What I learnt from my first beta test
TL;DR summary at the end
After working for two years on my SEO SAAS, it was time to get real feedback, I entered the beta without knowing what to expect, I threw myself in the water, not knowing what in store.
I put a simple message in two Facebook groups (Lion Zeal, White Hat SEO): “Hi People, I’m looking for beta testers for my SEO product, it’s similar to Ahrefs/Semrush only lighter, I will provide full functional user for the beta testing”.
I wasn’t expecting what happened next, I got about 50 replies for each post over the next 24 hours, so I messaged every person that said he’s interested, the first thing I discovered is Facebook starts to show you captcha and warn you after you send about 20 messages, didn’t expect that, so I had to add the following to my post: “Apparently Facebook limits the number of messages I can send, send me a Facebook message and I’ll add you”.
I did eventually get to send a message to all the people that replied, I did it over time to avoid any penalties from Facebook.

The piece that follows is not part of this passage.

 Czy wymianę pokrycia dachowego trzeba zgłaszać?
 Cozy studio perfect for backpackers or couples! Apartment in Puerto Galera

After my addition to the post some people sent me a message, some replied to the post.
Another tip is that there’s a message request tab in Facebook messenger and there’s also an option to see filtered result, many messages arrived to the filtered part.
At first I sent people “Hi”, but I then realized that if some hours passed between my message and their reply to my post, my hi could look like spam, so I adjusted the message into two options, those whom I directly messaged soon after their posted: “Hi, It’s about your comment for beta testing from the seo group”, and those whom I messaged after a while: “Hi, It’s about your comment for beta testing from the seo group, let me know if you are still interested”, I wanted to avoid any spam reports.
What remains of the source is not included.